The terminal disposition half-life of 34 hours (cohort 1) or 78 hours (cohort 2) might reflect the relatively high protease-resistance of d-amino acid peptides.^16,17 Due to the limited data of the studies presented here, it is not possible to make a statement regarding the excretion of PRI-002. The present data clearly demonstrate that there is a dose-proportional increase of dose-dependent PK parameters like C_max, AUCs, and C_ss. It is suggested that the overproportional increase of AUCs in cohort 2 compared to cohort 1 is subject to chance and based on the longer t_½ß of subjects in cohort 2.
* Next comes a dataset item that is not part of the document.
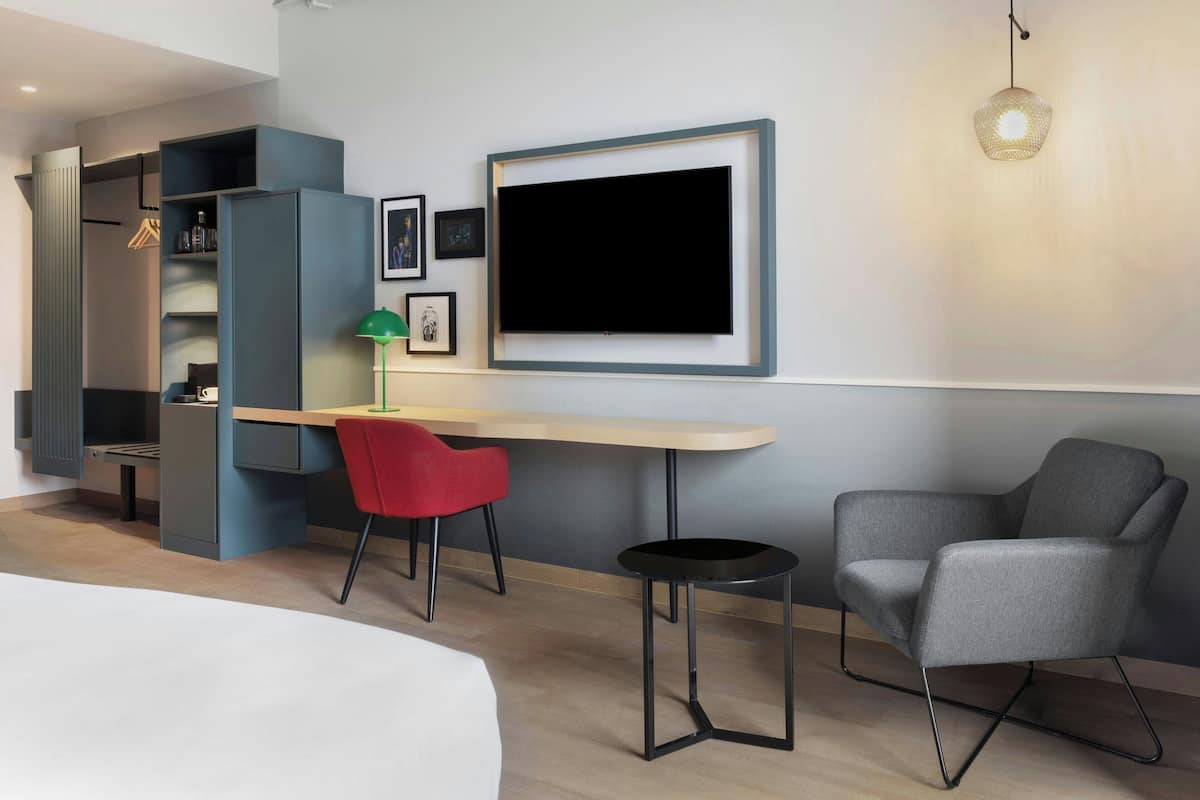 A modern hotel room with a bed, a desk, a chair, and a TV.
When administered daily, the accumulation factor is about 3. Steady-state plasma levels were reached after about 5 t_½β half-lives. They increased proportional to dose and reached 2.8 ng/mL (1.8 nM) at an oral dose of 320 mg PRI-002/day. When compared to plasma levels yielded in successful proof-of-concept studies with transgenic AD mice, plasma levels achieved in humans already after single oral dosing are in the same range of those observed in transgenic mice that received a high therapeutic dose⁴. Therefore, it can be assumed that the necessary plasma levels required for the treatment of AD patients with PRI-002 can be accomplished. The presented data have been obtained in healthy young volunteers and does not allow a sample size calculation of a phase II proof-of-concept trial in AD patients. In addition, metabolization and blood–brain barrier (BBB) penetration in the AD study population can be different to young volunteers. An allometric scaling should be considered for getting a more precise estimation on the clearance in the intended study population and calculating the dosing for a proof-of-concept trial. In any case, the presented plasma levels of the SAD and MAD studies offer an adequate range for the desired treatment of AD in patients. In conclusion, safety and pharmacokinetic data support further clinical development of PRI-002.

The German Helmholtz Association and the Forschungszentrum Jülich funded the phase I study and the necessary pre-clinical research. The MAD study was funded additionally in part by Part the Cloud: Translational Research Funding for Alzheimer's Disease (PTC) Award Number 18PTC-19-605853 from the Alzheimer's Association.

The authors have no conflicts of interest to report.

D.W. is co-inventor of patents covering the composition of matter of RD2. D.W., D.J, K.A., and A.W. are co-founders and shareholders of the company “Priavoid GmbH,” which is further developing PRI-002 for clinical use. J.K., C.F., M.W., M.H., W.R., and M.W. declare no competing interests.